Tuesday 3 June 2014

Thoughts on My Mother's Shloshim

Shloshim

Time takes on new meaning when you are a mourner.
My days used to be bounded by what time my work out class is; now they are bounded by what time minyan is. I counted the Omer different last year; this year I count the Omer by what minyan it is, keeping a minyan journal every day of where and when I say Kaddish: Minyan 1 the day after the funeral; minyan 30, today.

The day of my mother’s death moved very slowly- I was walking in quicksand. The shiva moved at a snail’s pace and now I can hardly believe shloshim is ending.

A mourner lives in between 2 worlds- this one and the one their loved one is in. Shiva keeps us in that limbo world, but Shloshim pulls us back, slowly but surely, to live again in this world. At shiva we are curled up like fetuses, craving protection and wating to go back into the womb. In shlsohim we are like babies just learning to crawl. The 11 months will teach us how to walk again. Wen we are done, we will hopefully stand upright and be “among the living.”

Judaism is all about sacred times: Shabbat, Rosh Chodesh, festivals. Abraham Heschel reminds us that Jews do not live in the world of space: cathedrals and sanctuaries. We lost our “space”—the Temple—and so we cling even more tightly to time. 

We Jews seem to start our days backwards: from the night. Our world started in darkness, in chaos and disorder. Sanctifying time brings light and order into the world. The end of shloshim marks the first sight of light. Tomorrow I will see a sliver of the moon, and I will be commanded to know that celebration is once again possible, even if difficult.
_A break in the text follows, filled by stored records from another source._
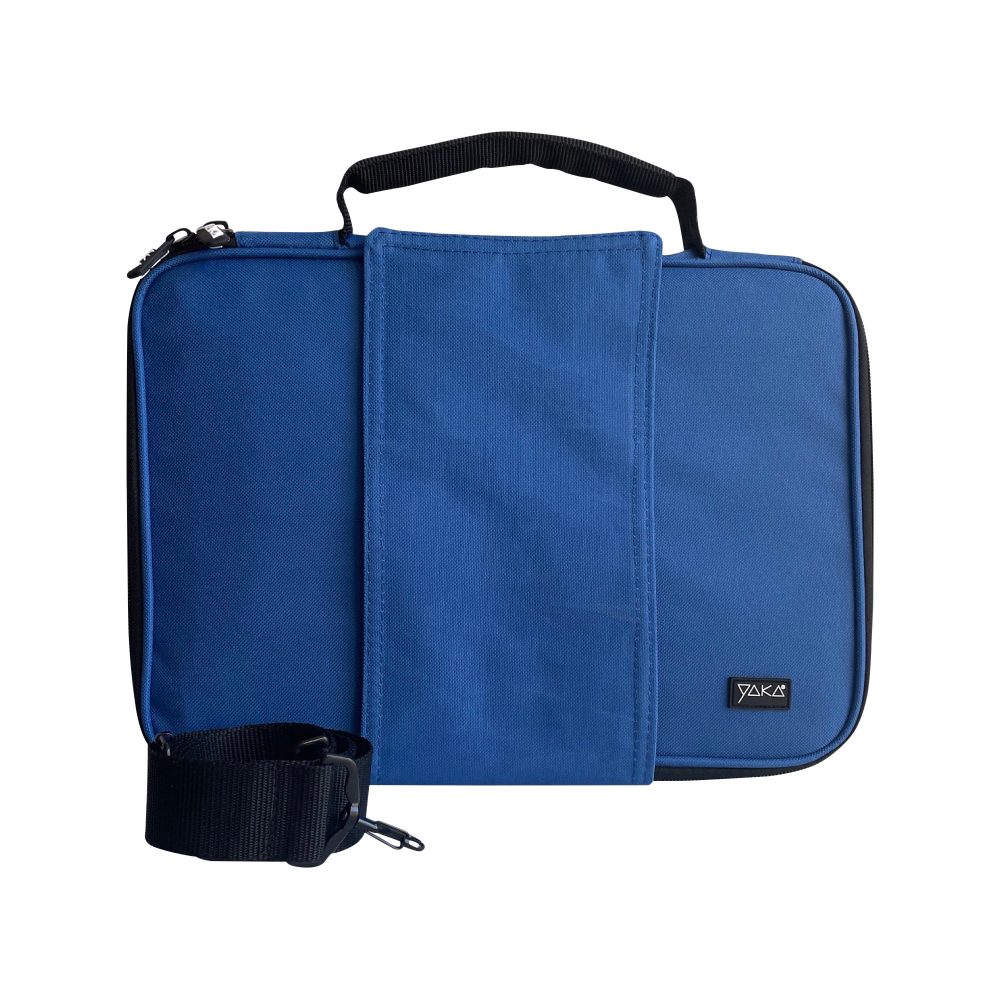 YAKA Laptoptasche 70872 15,6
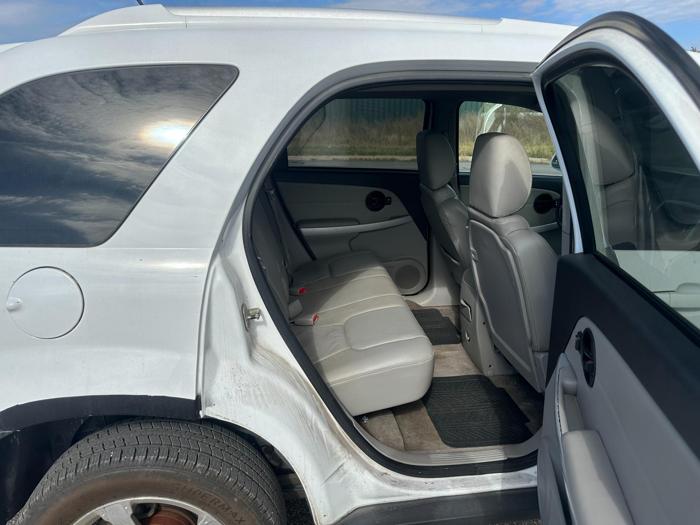 2007 chevrolet equinox lt1-awd with 170905 miles for sale near elk-river, minnesota 44d1b413d881453e9f800d934948c78f.jpg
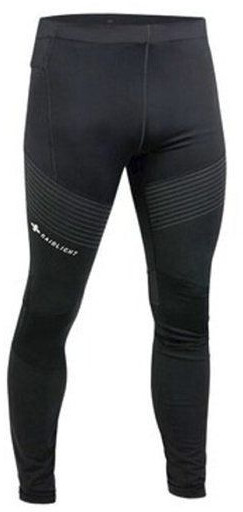 RaidLight R-Light Tight Leggings black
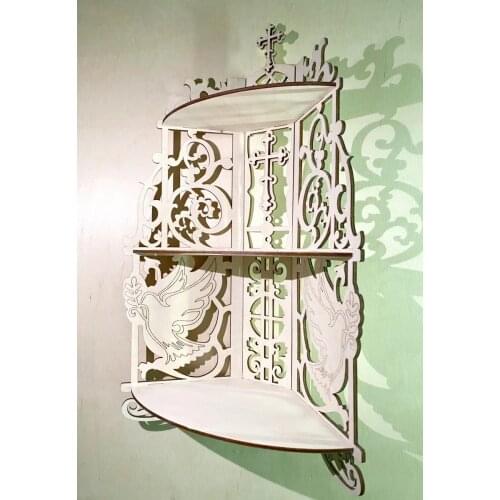 Держатели BOGATAstudio China At AliExpress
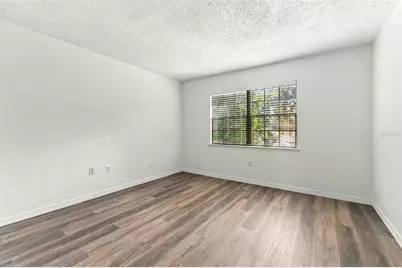 8603 N 29th Street, Tampa, FL 33604 - Photo 12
Tradition has it that Rosh Chodesh Sivan is the day on which the Jewish people camped before Mount Sinai in preparation for receiving the Torah. When describing this encampment, the Torah emphasizes that it came after the Jews left Mitzrayim, the narrow place. It is hard to imagine leaving this narrow place of mourning, which has become comfortable, but in order to receive revelation, I absolutely must.

When we leave the narrow place, time once again expands.   

Pirke Avot 2:15 we read,

משנה טו
[יד] רבי טרפון אומר היום קצר והמלאכה מרובה והפועלים עצלים והשכר הרבה ובעל הבית דוחק:
“Rabbi Tarfon would say: The day is short, the work is much, the workers are lazy, the reward is great, and the Master is pressing.”

This phrase marks the end of shloshim for me. Hayom katzar. The day is short—but—lets read it differently, with just a twist of a vowel. Katzar=katzir, harvest. 

In the short days of shloshim I tried to reap from the harvest of support of friends, community, and the daily recitation of Kaddish.

In the days ahead, I will take comfort from the words of Psalm 126:5: Those who sow in tears will reap in joy.


 הַזֹּרְעִים בְּדִמְעָה--    בְּרִנָּה יִקְצֹרוּ.